Mr. Prashant Pimple
Senior Fund Manager – Fixed Income Investments, Nippon India MF
Mr. Prashant R. Pimple has a total experience of 14 years in debt fund management. He has a total experience of nearly a decade in managing fixed income portfolios with Nippon Life India Asset Management Limited (Formerly Reliance Nippon Life Asset Management Limited) . Prior to this, he worked as portfolio manager with Fidelity International Limited Asset Management Company and as Portfolio Manager in Investment Advisory Services (Debt Institutional) in ICICI Bank Ltd. From 2000 to 2003, he was a fixed income trader with Bank of Bahrain and Kuwait, B.S.C. and The Saraswat Co-operative Bank Ltd. He also had a stint with SIDBI in the Project Finance Division.
1. The government is likely to miss the fiscal deficit target for 3.3% this year. What impact do you see of this on the debt markets?
Answer: In the current market scenario of Surplus Liquidity, Accommodative Monetary Policy Stance & fear of Fiscal Slippage, we expect bond yields to trade in a broad Range. The current Term Premia (5yr GSecs – Repo Rate) is ~140 bps & Term Premia (10yr GSecs – Repo Rate) is ~150bps, which is currently pricing in a lot of risks.
2. In recent years we have seen a series of rate cuts from RBI but yet the yield curves have remained steep. Why is this happening and how is the government responding to this situation?
Answer: Rate Cuts and Surplus Liquidity has helped shorter end yields and we have seen transmission happening through shorter end of the yields curve. Longer end yields are a function of Fiscal Deficit as well as Duration risk appetite of the market. Further Crowding out of the borrowing in SDLs & Corporate Bonds have had overall impact in longer maturity GSecs yields. Hence the overall Steepening of the yield curve.
3. The RBI recently resorted to unprecedented bond auctions. How has this impacted the bond markets?

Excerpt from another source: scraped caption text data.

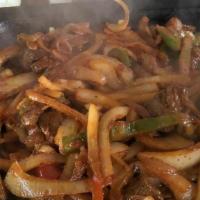 Steak Fajita · Marinated in our secret sauce, then delivered sizzling hot over a bed of sauteed onions and ...
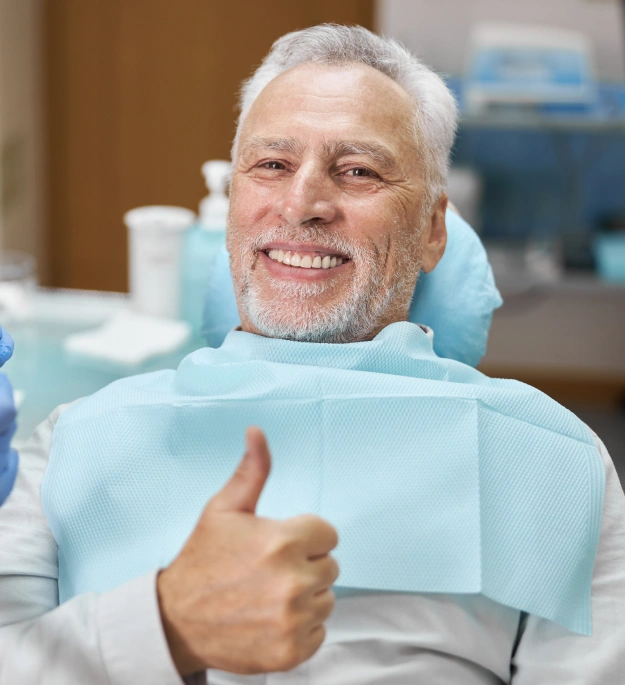 Smiling senior man giving thumbs up in dental chair wearing protective bib at dentistry office.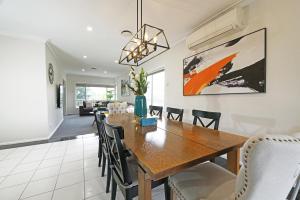 a dining room and living room with a wooden table and chairs at Doncaster Renovated 5BD/4BR Brick Home Parking WiFi in Doncaster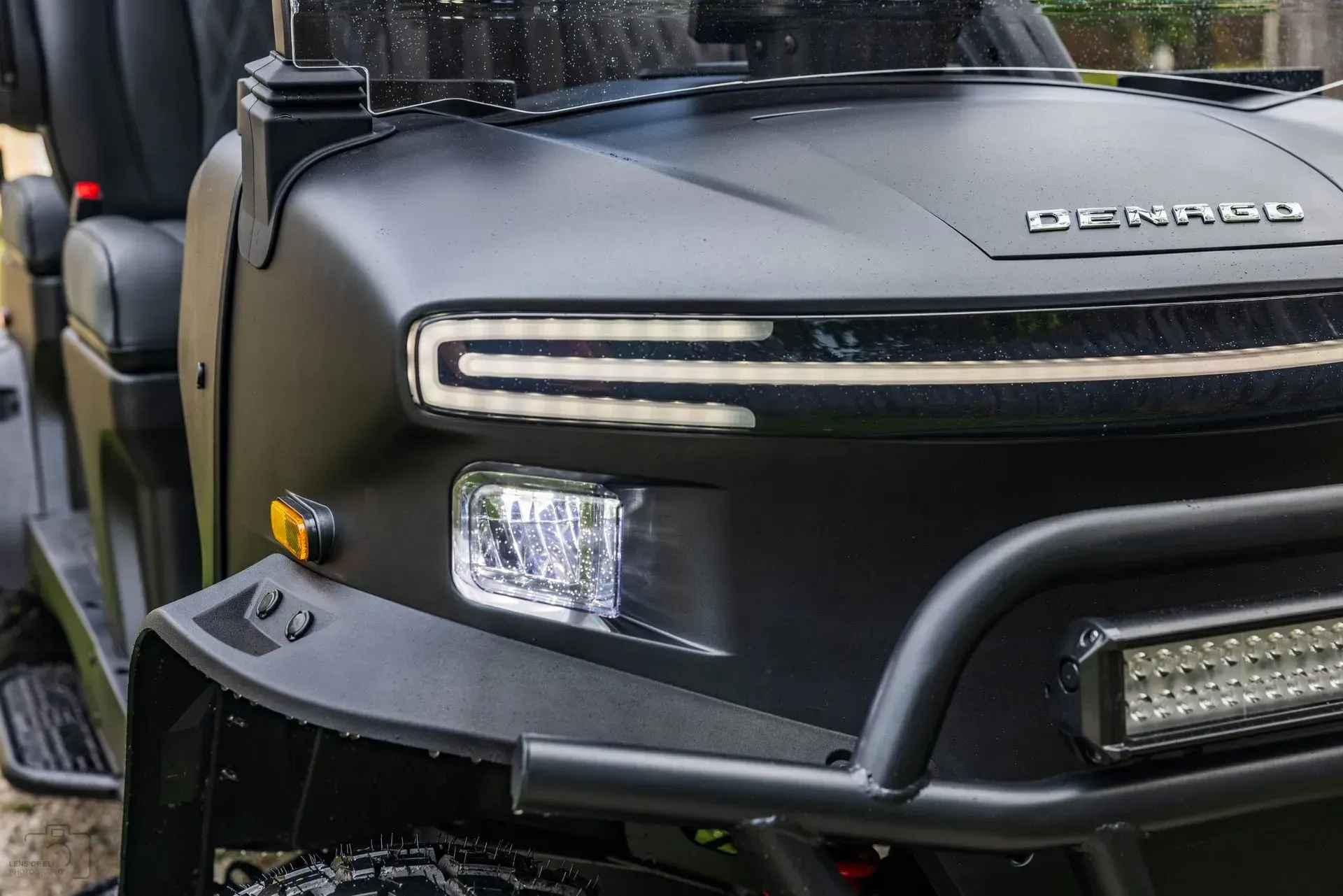 Black golf cart with LED headlights and front bumper bar.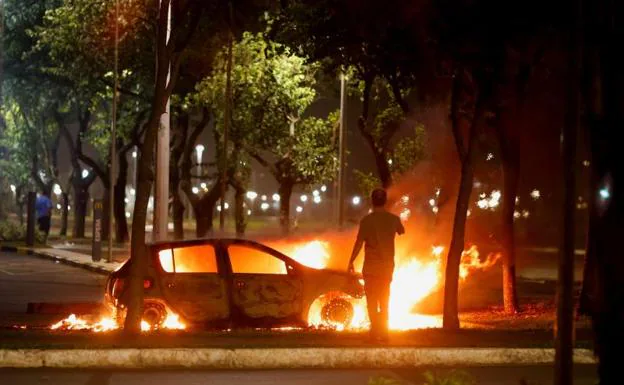 An individual watches a burning vehicle in Brasilia.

Answer: Special Open Market Operation by RBI is a special Operation, where the RBI Buys longer dated GSecs from the market and Sell shorter dated GSecs to the market. This usually leads to Bull Flattening of the GSec yield curve. But in the current market scenario of Surplus Liquidity, RBIs Operation Twist has helped to bring the entire yield curve lower and help transmission of rates.
4. What is your opinion on the interest rate movement going forward?
Answer: While we expect bond yields to trade in a range due to additional borrowing fear on one hand while RBIs Special Operation on the other hand, we prefer the shorter maturity G-Secs and AAA PSUs / Privates, while remaining cautious on longer maturity corporate bonds and G-Secs.
We also expect new 10yr GSecs bond yield to remain range bound (6.25% – 6.75%) from near term (3 – 6 months) perspective as market starts pricing in a pause in interest rate in current Fiscal & Durable Liquidity Support in form of OMOs / FX Swap only to take care of any major demand – supply mismatches.
5. How are you navigating the current markets? What has been your broad strategy to manage the flag ship portfolios?
Answer: We will focus on Short duration + Spread play in terms of Core portfolio construct. We would run 3 - 5 yr Gsec & 2 - 3 yr AAA corporate bond segment as our Core portfolio, while longer duration would be tactically added to the portfolio only through G-Secs. We remain cautious on longer maturity corporate bonds and G-Secs.
6. What would you advice to investors looking towards debt investments? Where should they ideally invest for a medium to long term investment horizon?
Answer: Medium Term Investment Horizon: We recommend high grade short term bond funds for short to medium term investment horizon.
Long Term Investment Horizon: We recommend Gilt Fund, Nivesh Lskshya Fund & diversified Credit Funds from a long-term perspective.